Back in September, I prefaced a breach post involving the U.K.’s Crown Prosecution Service with the comment, “This is one of those really terrible breaches that are the stuff of nightmares.”
It appears the Information Commissioner’s Office concurred, as CPS has been fined £200,000 after laptops containing videos of police interviews were stolen from a private film studio. The interviews were with 43 victims and witnesses. They involved 31 investigations, nearly all of which were ongoing and of a violent or sexual nature. Some of the interviews related to historical allegations about a high-profile individual.
Although the firm responsible for editing the videos was neither named nor fined, previous media coverage referenced on this site disclosed the name of the firm.
In September, I had written:
The computers were recovered and supposedly had not been accessed, but this was an extremely serious breach and raises obvious questions about not only what security protections the firm had in place, but the extent to which the Crown Prosecution Service (CPS) had written security measures into any contract with the firm, and whether CPS monitored the firm for compliance with any security protocols.
Not surprisingly, those issues were the basis for the penalty. The ICO’s investigation, summarized in the monetary penalty notice, revealed that CPS had no provisions in place concerning the security measures to be taken by the firm and did not monitor the firm for security of the sensitive data.

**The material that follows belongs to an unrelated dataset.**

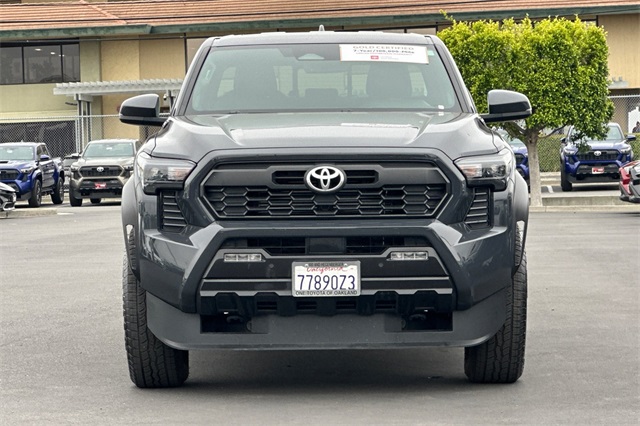 2024 Toyota Tacoma TRD 4x4 photo 9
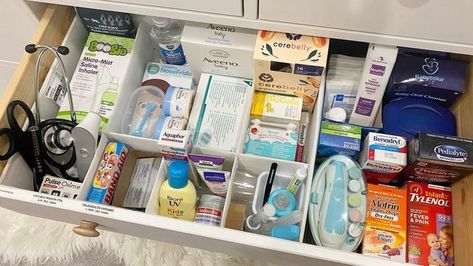 Baby Medicine Organization, Lotion Organization, Medical Supply Organization, Office Room Design, Baby Medicine, Medication Storage, Sick Baby, Medicine Organization, Medical Office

The bottom line is that given the highly sensitive nature of these interviews and the potential for great distress, CPS should have known that the DVDs with interviews should have been delivered or transported in encrypted form. They should have had a contract with the service provider that outlined physical and technical security safeguards at the provider’s location, and they should have monitored for compliance.
As a side note, I find it interesting that the ICO is now using a rationale similar to our FTC when it comes to determining whether a breach is likely to call “substantial” harm or injury. The ICO’s notice explains (in Paragraph 38) that even if the risk to any one individual is less than substantial, the cumulative impact when you consider the number of individuals would be “substantial.”